• **Exercise aim**
Reproduce every line that appears below, precisely and completely.

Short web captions
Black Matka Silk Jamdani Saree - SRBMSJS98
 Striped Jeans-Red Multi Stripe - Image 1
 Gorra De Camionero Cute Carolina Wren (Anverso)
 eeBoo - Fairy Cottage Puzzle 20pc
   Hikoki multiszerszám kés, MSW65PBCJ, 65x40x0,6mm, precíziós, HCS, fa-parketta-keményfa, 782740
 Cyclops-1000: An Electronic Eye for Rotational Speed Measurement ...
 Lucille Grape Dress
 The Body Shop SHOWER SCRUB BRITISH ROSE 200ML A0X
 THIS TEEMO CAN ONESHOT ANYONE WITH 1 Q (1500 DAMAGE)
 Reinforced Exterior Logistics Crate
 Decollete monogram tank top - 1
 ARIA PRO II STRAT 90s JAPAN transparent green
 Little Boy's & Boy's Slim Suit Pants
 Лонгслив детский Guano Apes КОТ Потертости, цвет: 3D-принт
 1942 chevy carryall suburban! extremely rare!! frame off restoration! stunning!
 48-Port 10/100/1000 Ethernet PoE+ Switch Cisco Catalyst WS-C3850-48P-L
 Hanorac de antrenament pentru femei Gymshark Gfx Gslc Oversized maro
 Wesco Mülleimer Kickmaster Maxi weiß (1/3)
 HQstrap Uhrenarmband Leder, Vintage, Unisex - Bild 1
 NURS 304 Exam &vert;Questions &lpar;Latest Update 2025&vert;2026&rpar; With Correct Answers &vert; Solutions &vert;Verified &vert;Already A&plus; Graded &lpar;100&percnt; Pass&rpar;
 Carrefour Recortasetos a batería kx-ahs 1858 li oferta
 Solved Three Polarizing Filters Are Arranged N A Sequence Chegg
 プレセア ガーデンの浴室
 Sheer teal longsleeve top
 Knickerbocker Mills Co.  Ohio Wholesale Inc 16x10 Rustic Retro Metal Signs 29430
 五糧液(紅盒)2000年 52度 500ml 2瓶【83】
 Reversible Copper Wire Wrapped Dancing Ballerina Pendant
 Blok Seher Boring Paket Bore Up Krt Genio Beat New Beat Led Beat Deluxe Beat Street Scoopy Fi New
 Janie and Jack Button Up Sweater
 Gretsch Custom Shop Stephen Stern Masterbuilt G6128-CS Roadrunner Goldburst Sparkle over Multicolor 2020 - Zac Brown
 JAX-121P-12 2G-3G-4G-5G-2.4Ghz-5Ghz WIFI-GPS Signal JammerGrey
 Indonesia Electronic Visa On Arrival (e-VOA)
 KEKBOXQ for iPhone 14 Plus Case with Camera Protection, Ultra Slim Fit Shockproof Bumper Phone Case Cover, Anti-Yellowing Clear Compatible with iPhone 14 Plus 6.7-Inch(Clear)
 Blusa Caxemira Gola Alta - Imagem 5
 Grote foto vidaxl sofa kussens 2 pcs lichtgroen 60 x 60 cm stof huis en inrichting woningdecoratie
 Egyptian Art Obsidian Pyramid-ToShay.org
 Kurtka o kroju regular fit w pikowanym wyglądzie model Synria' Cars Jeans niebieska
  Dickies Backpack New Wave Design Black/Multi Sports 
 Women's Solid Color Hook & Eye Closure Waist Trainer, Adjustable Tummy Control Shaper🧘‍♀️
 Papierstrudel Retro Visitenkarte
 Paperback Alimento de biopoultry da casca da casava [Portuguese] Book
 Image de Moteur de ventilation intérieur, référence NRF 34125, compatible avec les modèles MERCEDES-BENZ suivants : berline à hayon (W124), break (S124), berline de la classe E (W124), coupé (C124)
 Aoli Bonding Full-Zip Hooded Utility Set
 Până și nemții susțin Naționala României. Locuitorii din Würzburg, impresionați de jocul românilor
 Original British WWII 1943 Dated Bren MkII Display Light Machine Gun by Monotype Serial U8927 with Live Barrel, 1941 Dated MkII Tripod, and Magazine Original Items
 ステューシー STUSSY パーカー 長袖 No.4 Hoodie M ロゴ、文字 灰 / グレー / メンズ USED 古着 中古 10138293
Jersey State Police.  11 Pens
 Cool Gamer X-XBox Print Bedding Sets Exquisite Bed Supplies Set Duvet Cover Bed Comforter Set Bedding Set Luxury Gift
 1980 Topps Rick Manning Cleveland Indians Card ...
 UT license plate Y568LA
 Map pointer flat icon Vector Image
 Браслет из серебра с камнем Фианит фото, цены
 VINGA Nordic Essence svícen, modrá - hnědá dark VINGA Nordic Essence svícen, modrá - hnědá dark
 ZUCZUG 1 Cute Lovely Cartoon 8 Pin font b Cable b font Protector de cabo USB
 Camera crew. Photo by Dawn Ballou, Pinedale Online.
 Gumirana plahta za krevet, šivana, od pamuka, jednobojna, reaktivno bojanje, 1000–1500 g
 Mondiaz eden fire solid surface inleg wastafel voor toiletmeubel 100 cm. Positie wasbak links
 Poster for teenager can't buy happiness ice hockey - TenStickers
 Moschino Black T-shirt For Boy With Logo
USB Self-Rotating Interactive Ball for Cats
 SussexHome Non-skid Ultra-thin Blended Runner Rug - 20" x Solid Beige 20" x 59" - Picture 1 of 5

• **Task response**
Black Matka Silk Jamdani Saree - SRBMSJS98
 Striped Jeans-Red Multi Stripe - Image 1
 Gorra De Camionero Cute Carolina Wren (Anverso)
 eeBoo - Fairy Cottage Puzzle 20pc
   Hikoki multiszerszám kés, MSW65PBCJ, 65x40x0,6mm, precíziós, HCS, fa-parketta-keményfa, 782740
 Cyclops-1000: An Electronic Eye for Rotational Speed Measurement ...
 Lucille Grape Dress
 The Body Shop SHOWER SCRUB BRITISH ROSE 200ML A0X
 THIS TEEMO CAN ONESHOT ANYONE WITH 1 Q (1500 DAMAGE)
 Reinforced Exterior Logistics Crate
 Decollete monogram tank top - 1
 ARIA PRO II STRAT 90s JAPAN transparent green
 Little Boy's & Boy's Slim Suit Pants
 Лонгслив детский Guano Apes КОТ Потертости, цвет: 3D-принт
 1942 chevy carryall suburban! extremely rare!! frame off restoration! stunning!
 48-Port 10/100/1000 Ethernet PoE+ Switch Cisco Catalyst WS-C3850-48P-L
 Hanorac de antrenament pentru femei Gymshark Gfx Gslc Oversized maro
 Wesco Mülleimer Kickmaster Maxi weiß (1/3)
 HQstrap Uhrenarmband Leder, Vintage, Unisex - Bild 1
 NURS 304 Exam &vert;Questions &lpar;Latest Update 2025&vert;2026&rpar; With Correct Answers &vert; Solutions &vert;Verified &vert;Already A&plus; Graded &lpar;100&percnt; Pass&rpar;
 Carrefour Recortasetos a batería kx-ahs 1858 li oferta
 Solved Three Polarizing Filters Are Arranged N A Sequence Chegg
 プレセア ガーデンの浴室
 Sheer teal longsleeve top
 Knickerbocker Mills Co.  Ohio Wholesale Inc 16x10 Rustic Retro Metal Signs 29430
 五糧液(紅盒)2000年 52度 500ml 2瓶【83】
 Reversible Copper Wire Wrapped Dancing Ballerina Pendant
 Blok Seher Boring Paket Bore Up Krt Genio Beat New Beat Led Beat Deluxe Beat Street Scoopy Fi New
 Janie and Jack Button Up Sweater
 Gretsch Custom Shop Stephen Stern Masterbuilt G6128-CS Roadrunner Goldburst Sparkle over Multicolor 2020 - Zac Brown
 JAX-121P-12 2G-3G-4G-5G-2.4Ghz-5Ghz WIFI-GPS Signal JammerGrey
 Indonesia Electronic Visa On Arrival (e-VOA)
 KEKBOXQ for iPhone 14 Plus Case with Camera Protection, Ultra Slim Fit Shockproof Bumper Phone Case Cover, Anti-Yellowing Clear Compatible with iPhone 14 Plus 6.7-Inch(Clear)
 Blusa Caxemira Gola Alta - Imagem 5
 Grote foto vidaxl sofa kussens 2 pcs lichtgroen 60 x 60 cm stof huis en inrichting woningdecoratie
 Egyptian Art Obsidian Pyramid-ToShay.org
 Kurtka o kroju regular fit w pikowanym wyglądzie model Synria' Cars Jeans niebieska
  Dickies Backpack New Wave Design Black/Multi Sports 
 Women's Solid Color Hook & Eye Closure Waist Trainer, Adjustable Tummy Control Shaper🧘‍♀️
 Papierstrudel Retro Visitenkarte
 Paperback Alimento de biopoultry da casca da casava [Portuguese] Book
 Image de Moteur de ventilation intérieur, référence NRF 34125, compatible avec les modèles MERCEDES-BENZ suivants : berline à hayon (W124), break (S124), berline de la classe E (W124), coupé (C124)
 Aoli Bonding Full-Zip Hooded Utility Set
 Până și nemții susțin Naționala României. Locuitorii din Würzburg, impresionați de jocul românilor
 Original British WWII 1943 Dated Bren MkII Display Light Machine Gun by Monotype Serial U8927 with Live Barrel, 1941 Dated MkII Tripod, and Magazine Original Items
 ステューシー STUSSY パーカー 長袖 No.4 Hoodie M ロゴ、文字 灰 / グレー / メンズ USED 古着 中古 10138293
Jersey State Police.  11 Pens
 Cool Gamer X-XBox Print Bedding Sets Exquisite Bed Supplies Set Duvet Cover Bed Comforter Set Bedding Set Luxury Gift
 1980 Topps Rick Manning Cleveland Indians Card ...
 UT license plate Y568LA
 Map pointer flat icon Vector Image
 Браслет из серебра с камнем Фианит фото, цены
 VINGA Nordic Essence svícen, modrá - hnědá dark VINGA Nordic Essence svícen, modrá - hnědá dark
 ZUCZUG 1 Cute Lovely Cartoon 8 Pin font b Cable b font Protector de cabo USB
 Camera crew. Photo by Dawn Ballou, Pinedale Online.
 Gumirana plahta za krevet, šivana, od pamuka, jednobojna, reaktivno bojanje, 1000–1500 g
 Mondiaz eden fire solid surface inleg wastafel voor toiletmeubel 100 cm. Positie wasbak links
 Poster for teenager can't buy happiness ice hockey - TenStickers
 Moschino Black T-shirt For Boy With Logo
USB Self-Rotating Interactive Ball for Cats
 SussexHome Non-skid Ultra-thin Blended Runner Rug - 20" x Solid Beige 20" x 59" - Picture 1 of 5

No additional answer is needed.